I was more than happy to help Marian out in providing the participants with the opportunity to have a more in-depth interface with the contemporary Philippine art scene to meet with academics and visual artists. I would imagine that similar conferences like these had been hosted before, which had delegates trapped by their hosts, cooped up in one place, quickly flying in and out without so much as getting the chance to see and learn more about the country.
I was not about to pass up the opportunity to show the overseas visitors just who the creative powerhouse of Asia really was.
Although I was a tad disappointed that most of the delegates had already opted to return to their home countries at the tail-end of the post-symposium period, my enthusiasm did not flag knowing that the people whose opinions I had really wanted to shape were still around.
I was particularly delighted to have the chance to spend an entire afternoon and evening with a highly important figure in the international art scene: Gerardo Mosquera, one of the founders of the Havana Biennale (part of its curatorial team in 1979, 1984, and 1986), who is now working as an adjunct curator at the New Museum of Contemporary Art in New York. He was joined by Dr.
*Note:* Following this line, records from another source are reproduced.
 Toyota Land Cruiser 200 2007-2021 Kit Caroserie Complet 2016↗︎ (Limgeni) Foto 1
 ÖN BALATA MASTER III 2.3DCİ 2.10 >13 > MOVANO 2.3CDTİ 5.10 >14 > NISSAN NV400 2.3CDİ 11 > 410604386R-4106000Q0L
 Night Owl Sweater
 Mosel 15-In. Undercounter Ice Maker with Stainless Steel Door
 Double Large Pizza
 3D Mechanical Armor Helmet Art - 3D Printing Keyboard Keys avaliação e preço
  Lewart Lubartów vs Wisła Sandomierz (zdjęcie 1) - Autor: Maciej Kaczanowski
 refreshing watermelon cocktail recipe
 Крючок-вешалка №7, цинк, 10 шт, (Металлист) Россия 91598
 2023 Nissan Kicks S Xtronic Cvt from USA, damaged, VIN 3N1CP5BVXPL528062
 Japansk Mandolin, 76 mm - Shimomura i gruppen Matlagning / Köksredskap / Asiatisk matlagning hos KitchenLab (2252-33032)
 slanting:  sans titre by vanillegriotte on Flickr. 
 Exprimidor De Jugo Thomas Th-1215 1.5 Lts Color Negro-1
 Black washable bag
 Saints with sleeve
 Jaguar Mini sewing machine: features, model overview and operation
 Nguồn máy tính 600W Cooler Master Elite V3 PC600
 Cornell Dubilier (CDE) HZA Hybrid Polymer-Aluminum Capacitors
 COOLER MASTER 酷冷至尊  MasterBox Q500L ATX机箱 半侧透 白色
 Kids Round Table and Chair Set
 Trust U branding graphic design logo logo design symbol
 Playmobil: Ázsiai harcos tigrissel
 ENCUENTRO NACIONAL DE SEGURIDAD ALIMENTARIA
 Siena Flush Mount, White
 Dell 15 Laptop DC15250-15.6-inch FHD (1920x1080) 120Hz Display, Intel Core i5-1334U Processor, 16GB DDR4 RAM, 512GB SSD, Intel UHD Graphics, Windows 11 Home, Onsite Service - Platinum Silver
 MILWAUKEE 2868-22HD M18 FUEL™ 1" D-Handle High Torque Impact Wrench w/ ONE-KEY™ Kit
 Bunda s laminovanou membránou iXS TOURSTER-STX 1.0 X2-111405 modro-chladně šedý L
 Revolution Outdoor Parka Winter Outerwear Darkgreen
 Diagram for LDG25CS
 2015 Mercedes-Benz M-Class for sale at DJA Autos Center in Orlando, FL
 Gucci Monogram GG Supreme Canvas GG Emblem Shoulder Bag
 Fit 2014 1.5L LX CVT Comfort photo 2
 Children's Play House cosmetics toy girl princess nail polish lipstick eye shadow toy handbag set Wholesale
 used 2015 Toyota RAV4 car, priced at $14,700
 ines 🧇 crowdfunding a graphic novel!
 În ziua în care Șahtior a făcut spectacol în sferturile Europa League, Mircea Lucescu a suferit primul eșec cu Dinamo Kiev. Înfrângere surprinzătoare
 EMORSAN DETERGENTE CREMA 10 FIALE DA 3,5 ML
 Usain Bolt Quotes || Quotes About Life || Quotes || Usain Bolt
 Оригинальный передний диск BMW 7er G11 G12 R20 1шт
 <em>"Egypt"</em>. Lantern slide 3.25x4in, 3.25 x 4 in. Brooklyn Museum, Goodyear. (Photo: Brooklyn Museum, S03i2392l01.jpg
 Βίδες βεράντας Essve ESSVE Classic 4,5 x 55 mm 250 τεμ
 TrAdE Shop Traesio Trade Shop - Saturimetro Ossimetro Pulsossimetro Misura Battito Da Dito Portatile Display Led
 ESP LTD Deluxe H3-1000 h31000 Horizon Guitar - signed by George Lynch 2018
Paul Willemen, a film theorist from the University of Ulster, Ireland, and his charming wife who enthused about the unexpected myriad of locally-produced shopping finds.
As part of the tour which I dubbed "Sites of Modern and Contemporary Philippine Art Practice," I quickly brought the group to the museum where I work to see the show "Analog/Playground: Extensions to the Graphic," before piling them into a van to visit Green Papaya Art Projects, where they were warmly met by its director, the visual artist Norberto "Peewee" Roldan, and his wife, the contemporary dance practitioner and choreographer Donna Miranda. Serendipitously, it was the last day of Peewees highly successful exhibition of fetchingly framed works inspired by ex-votos, which piqued the interest of the guests who had quite an earful to say about their views on Catholic imagery.
Peewee very generously arranged to have the group meet with some of our leading young visual art practitioners who gamely engaged, with Mosquera in particular, in a repartee asking him questions about a lecture that he had given at the National Museum the day before.
For some, it was that rare and perfect opportunity to bring their works to the attention of a globe-trotting curator like Mosquera who, the very next day in fact, was scheduled to fly to Liverpool in order to curate another biennale!
The last stop on the tour was the artists-run space Future Prospects inside the Marikina Shoe Expo in Cubao, where they were met by co-founders Gary-Ross Pastrana and 2004 Ateneo Art Award winner Louie Cordero. On show was "How I Learned to Stop Worrying and Love the Bomb," which showed paintings with witty imagery and annotations, and dark, cartoon-inspired prints by brothers Jonathan and 2005 Ateneo Art Award nominee Mariano Ching. It was heartening to hear that a number of the works had also been sold, mostly to a Kuala Lumpur-based gallery, which only reinforced the view that Filipino artists are truly filling the creative void in the region.
As we concluded our time together over dinner amidst the lush Greenbelt oasis, our thoughts turned to the richness and variety of the Philippine contemporary art scene, and its continued struggle for relevance in a maddening, economically-depressed, socially-volatile landscape.
Once again, it had taken outsiders to reassure us, yet pose the quandary: How was it possible for a country that holds such promise to allow itself to wallow in ugliness and shunt the agenda of beauty to the periphery?